--- Required action ---
The answer is to be the lines below that lie between the line holding "First, open or" and the line holding "The only thing", inclusive, transcribed exactly and free of pictures.

--- Input records ---
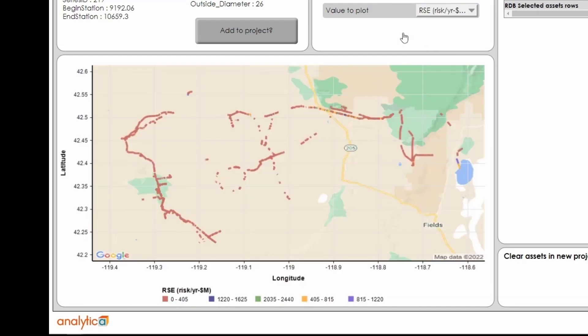This visualization helps you consider RSE as you decide which segments or routes to include in a mitigation project.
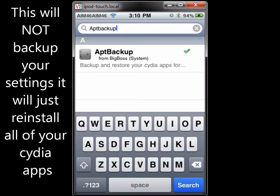Hey, this is AIM46AIM46 and today I will be showing you how to get APT Backup on your iPod and what it will do for you. First off, you'll have to be jailbroken, and then you'll just want to go into Cydia and search for APT Backup.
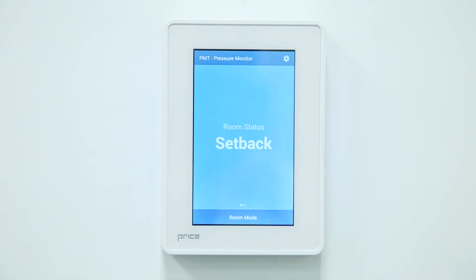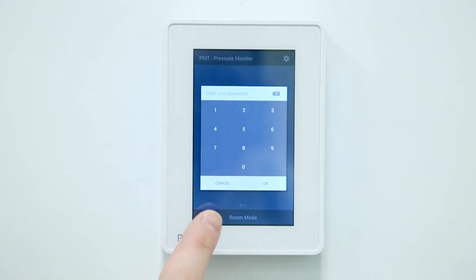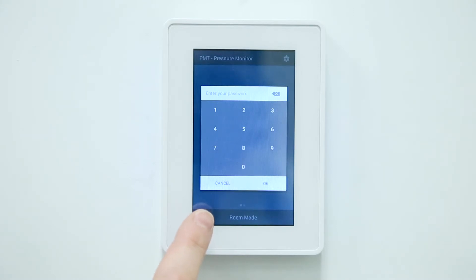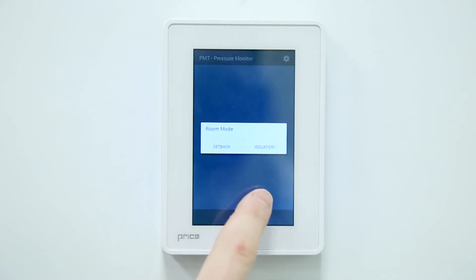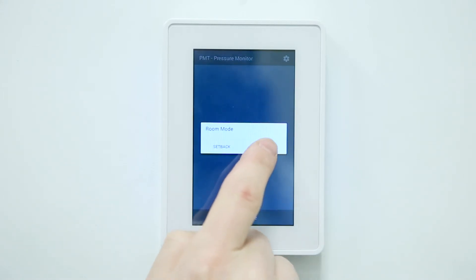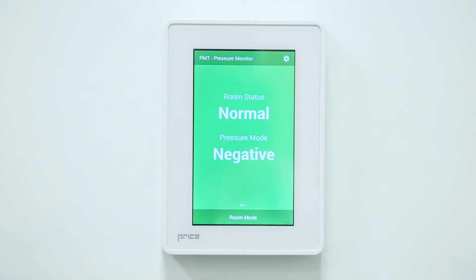To change the room mode back to isolation, touch the room mode bar along the bottom of the PMT. This will bring up the password protection popup again. At this time, re-enter the password. After entering the password, select OK and then select isolation and the unit will go back into isolation mode. Both the screen text and color have changed to indicate isolation mode.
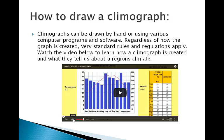How do we draw a climograph? Climographs can be drawn by hand or using various computer programs and software. In our course we will be using Excel primarily as our technological program to draw climographs. Regardless of how the graph is created, the standard rules still apply.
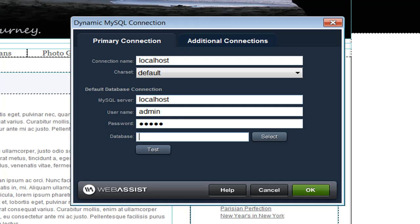I'm going to go ahead and continue specifying the details for my database. Just like a regular database connection in Dreamweaver, you have the opportunity to select the database or manually type it. And just like Dreamweaver's default database connection interface, you can click Test to make sure your connection works. I can then click OK and a database connection will be created just like it would be using Dreamweaver's built-in functionality.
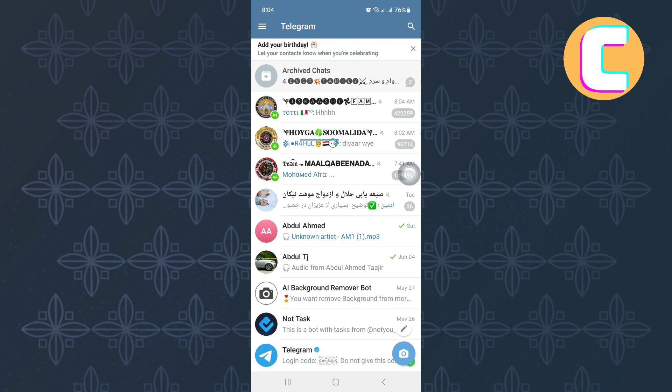First, open or launch the Telegram mobile application just like I have done here. You will land on the homepage of the app as you can see here.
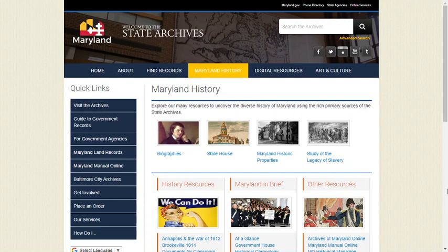The website mdlandrec.net provides free online access to Maryland's land records from modern land records back to the earliest surviving land records for each county's land office.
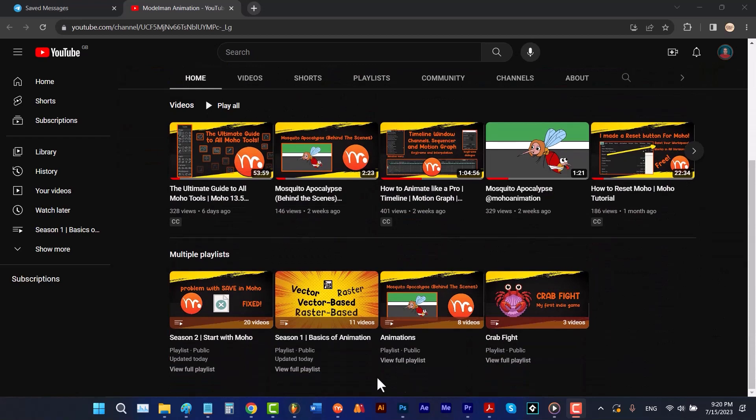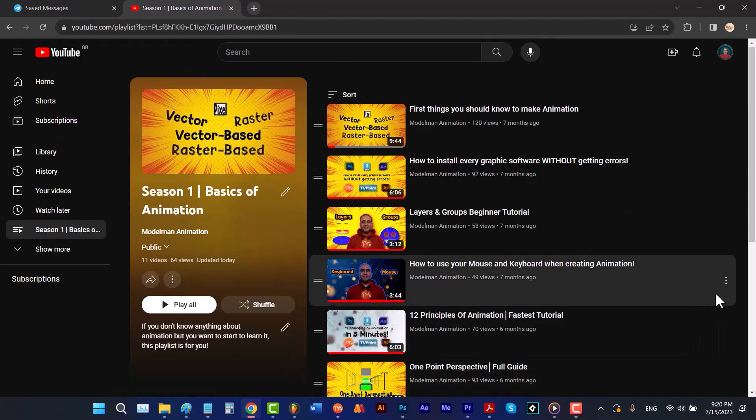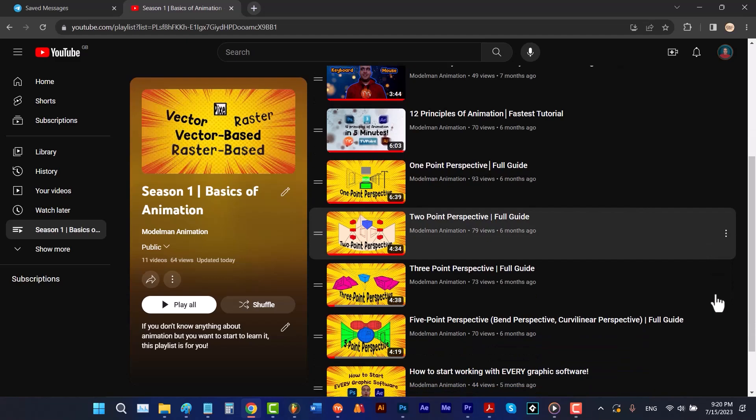Season 1 is for beginners, so if you don't have any idea of what animation is, you can watch those videos. In Season 1 you can learn how to work with your mouse and keyboard, how to install any software, and how to solve bugs when installing software. I also talk about the meaning of layers and groups. I have some videos for lower intermediate learners covering perspectives, the 12 principles of animation, and how to start working with graphic software.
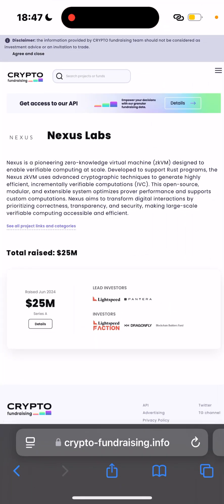What is Nexus? Nexus is a pioneering zero-knowledge virtual machine designed to enable verifiable computing at scale. This testnet is super time-sensitive, so nobody should fade. It's very easy, it's not that difficult.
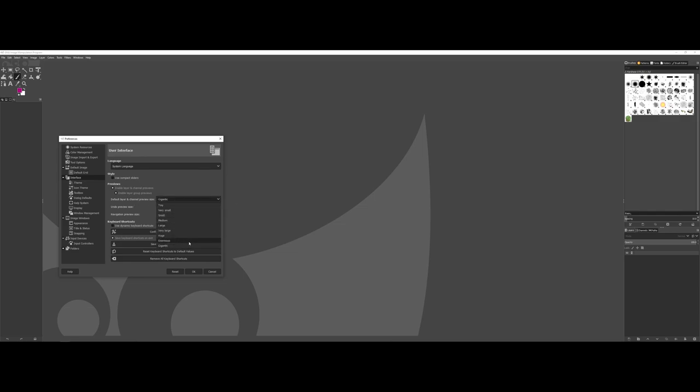The only thing to point out to you is that if you make changes in the user interface or theme areas or appearance, often you'll get a little pop-up from GIMP saying that you just need to restart the software.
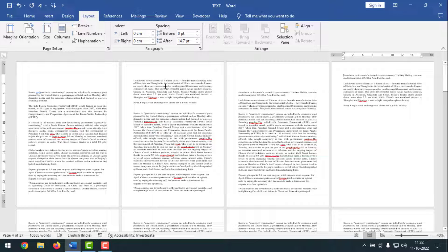Hello friends, welcome back to my IFO key to theme. I hope you are good. Today I'm going to show you how to do different page setup merging in the same Word document.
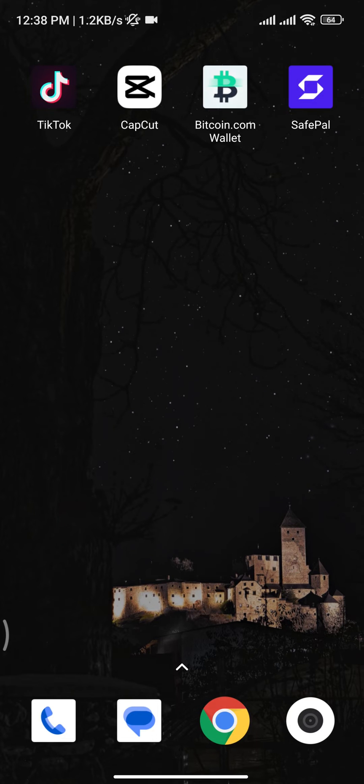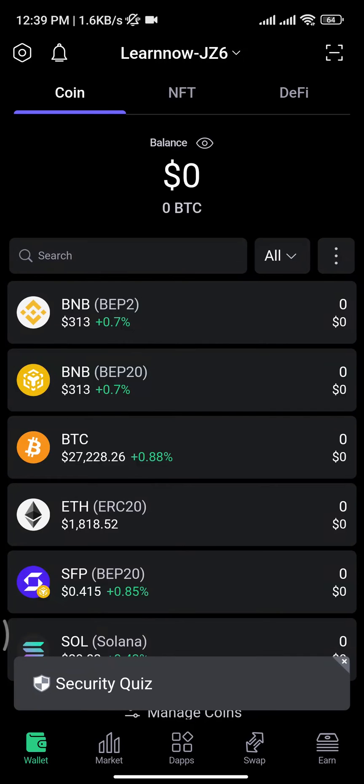Firstly, you need to open up SafePal Wallet app on your device. Once you open up your app, make sure to get logged into your account.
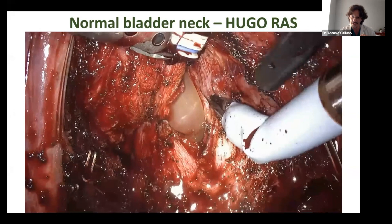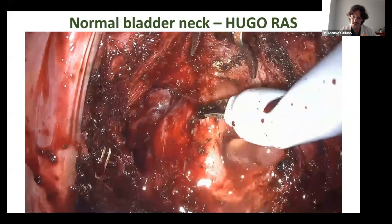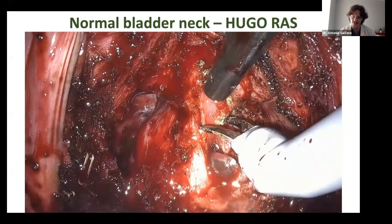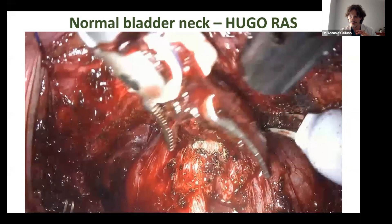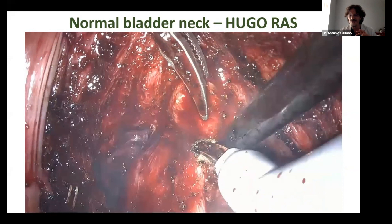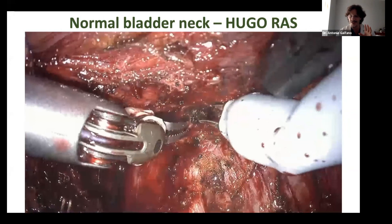This is the place where we have to choose to spare or not the DVC. Traction is really important in these situations. I understand it's difficult to tell if this is a Da Vinci or Medtronic view — from the surgical point of view, it's exactly the same.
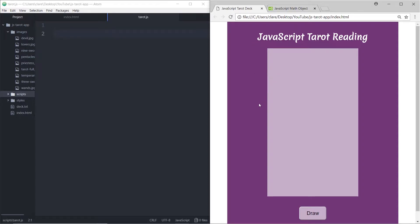A really common project when you're first learning JavaScript is a deck of cards, where you have a big long array of objects — that's the deck of cards — and then you can randomize them and draw. I thought I would do that, but with a fun twist where we're doing a really small tarot deck.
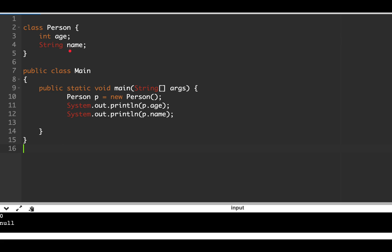When I printed the value of age and name for a reference type, their default value is zero for the primitive field and null for the reference type field. I hope you really enjoyed this video.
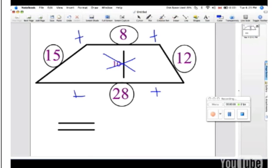15 plus 8 plus 12 plus 28 equals 63. The perimeter of this trapezoid is 63.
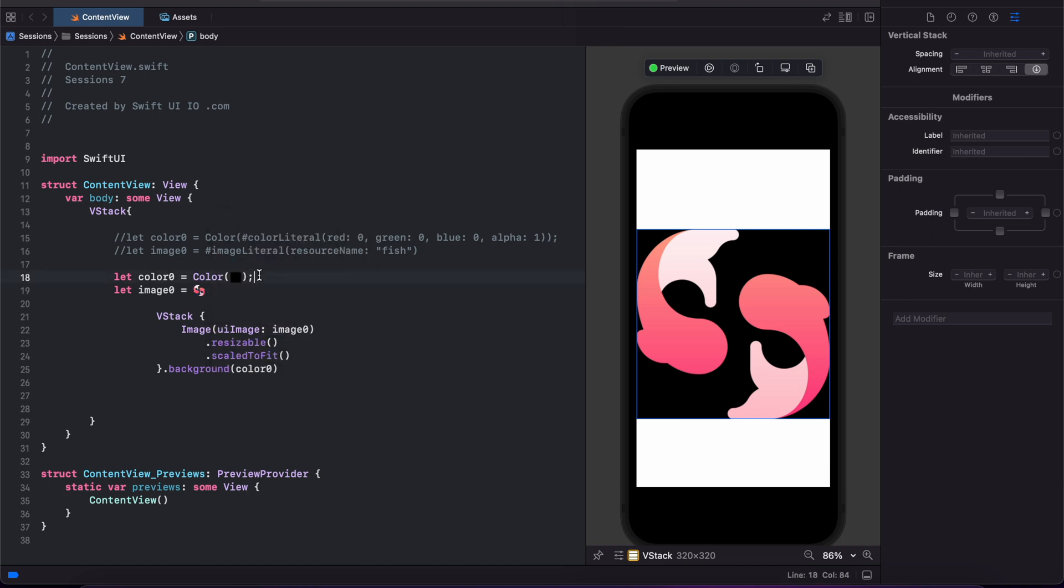Note: Color literals are great for static colors. For colors that adapt to dark mode, I suggest using colors in your asset catalog.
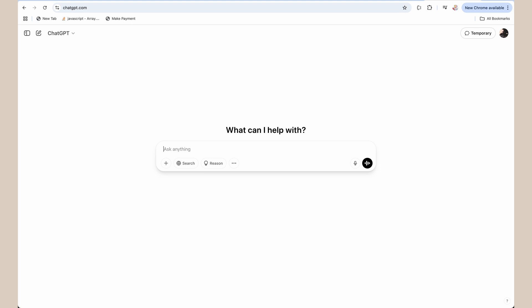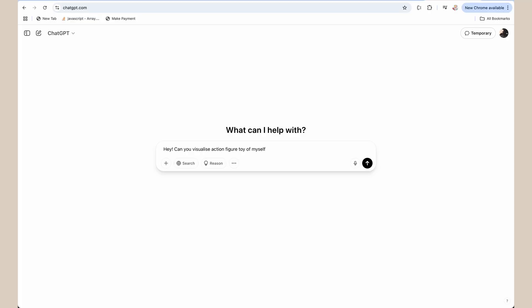So let's write the prompt: 'Hey, can you visualize action figure toy of myself.' This is important guys — mentioning 'myself' basically lets ChatGPT know that you are generating your own image and you're not using any copyright or public images. So: 'Can you visualize the action figure toy of myself.'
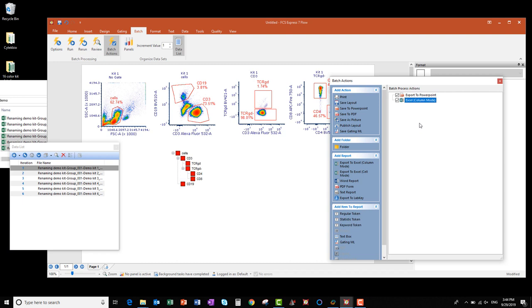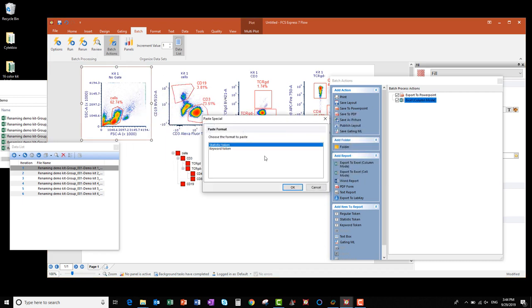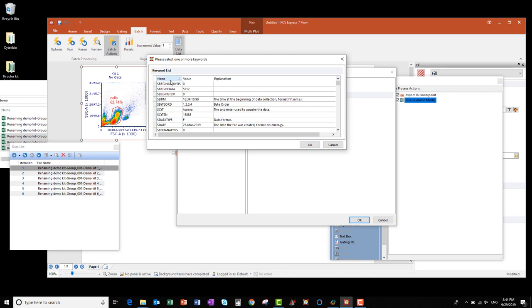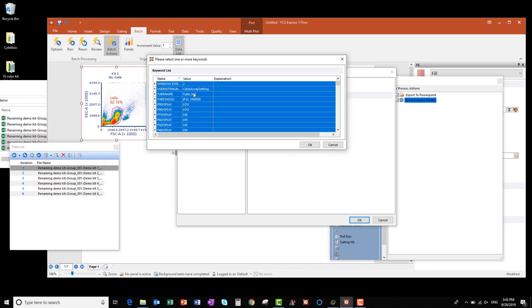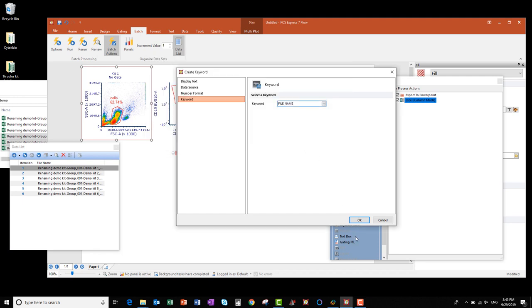Now I need to define the information I want in that Excel file output. To start, I'm going to click and drag my scatter plot to the Excel Column Mode Batch Action item. In the window that appears, I click Keyword Token, then OK. Then click the dot dot dot, click the Name column to sort the keywords by name, and scroll down to find the file name keyword — which for this first file is going to be Kitch1. Once I've located it, select it, click OK, and click OK again.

--- Response for this exercise ---
First, open or launch the Telegram mobile application just like I have done here. You will land on the homepage of the app as you can see here.
The website mdlandrec.net provides free online access to Maryland's land records from modern land records back to the earliest surviving land records for each county's land office.
Season 1 is for beginners, so if you don't have any idea of what animation is, you can watch those videos. In Season 1 you can learn how to work with your mouse and keyboard, how to install any software, and how to solve bugs when installing software. I also talk about the meaning of layers and groups. I have some videos for lower intermediate learners covering perspectives, the 12 principles of animation, and how to start working with graphic software.
What is Nexus? Nexus is a pioneering zero-knowledge virtual machine designed to enable verifiable computing at scale. This testnet is super time-sensitive, so nobody should fade. It's very easy, it's not that difficult.
The only thing to point out to you is that if you make changes in the user interface or theme areas or appearance, often you'll get a little pop-up from GIMP saying that you just need to restart the software.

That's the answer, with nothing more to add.